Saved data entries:
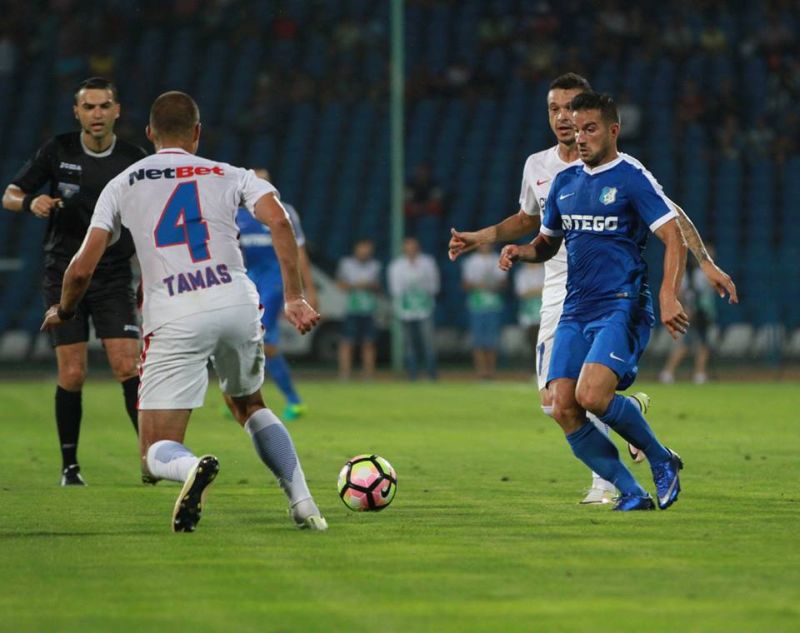 Criza de la Pandurii sporeşte şansele Stelei la titlu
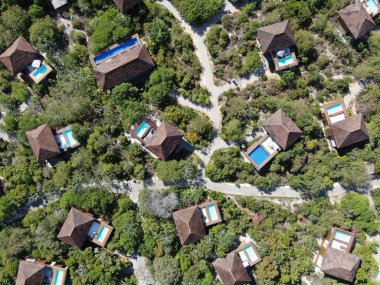 Havadan görünümü tropikal orman içinde yüzme havuzlu lüks Villa. Palmiye ağaçlarının yanında sahil tropikal bahçe arasında yüzme havuzlu özel tropikal villa. Praia de Forte, Bahia, Brezilya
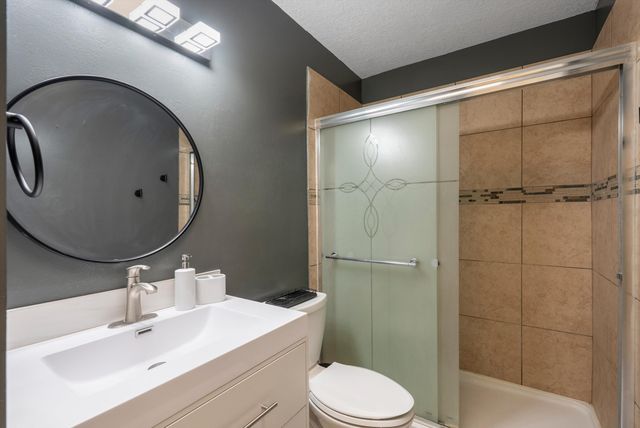 9108 Meriwether Avenue NE, Albuquerque, NM 87109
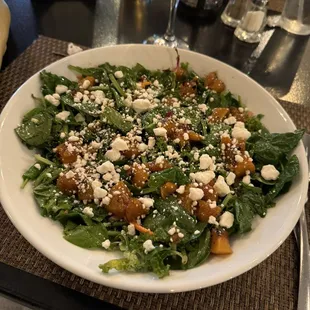 Spinach and veggie power blend salad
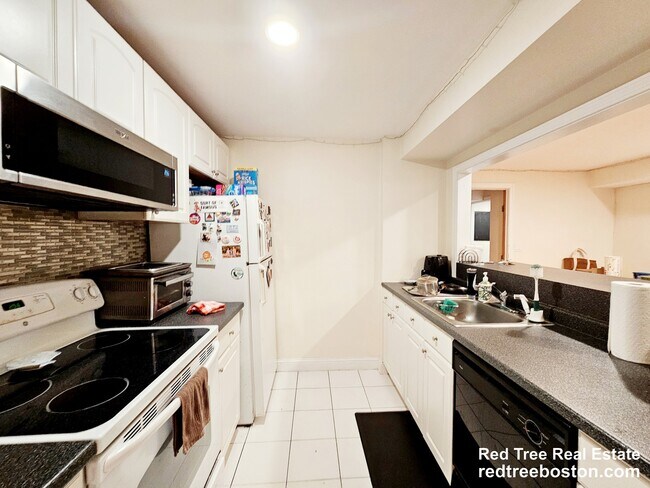 Photo - 94 Pleasant St Unit 1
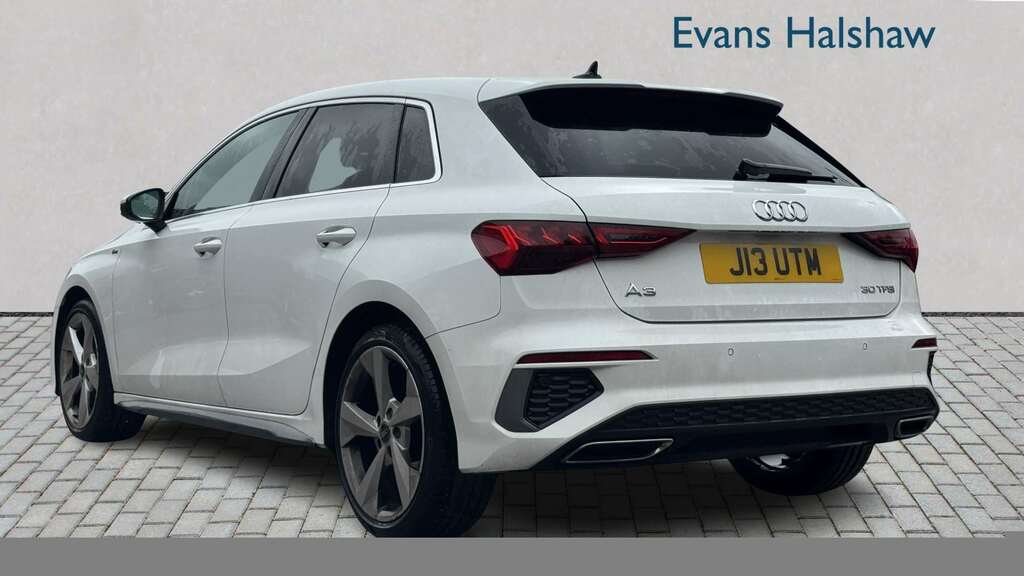 Audi A3 30 Tfsi S Line 2022 J13UTM White #2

EXERCISE REQUIREMENTS: Except for the pictures, give the data again word for word.

RESPONSE TO THE TASK:
 Criza de la Pandurii sporeşte şansele Stelei la titlu
 Havadan görünümü tropikal orman içinde yüzme havuzlu lüks Villa. Palmiye ağaçlarının yanında sahil tropikal bahçe arasında yüzme havuzlu özel tropikal villa. Praia de Forte, Bahia, Brezilya
 9108 Meriwether Avenue NE, Albuquerque, NM 87109
 Spinach and veggie power blend salad
 Photo - 94 Pleasant St Unit 1
 Audi A3 30 Tfsi S Line 2022 J13UTM White #2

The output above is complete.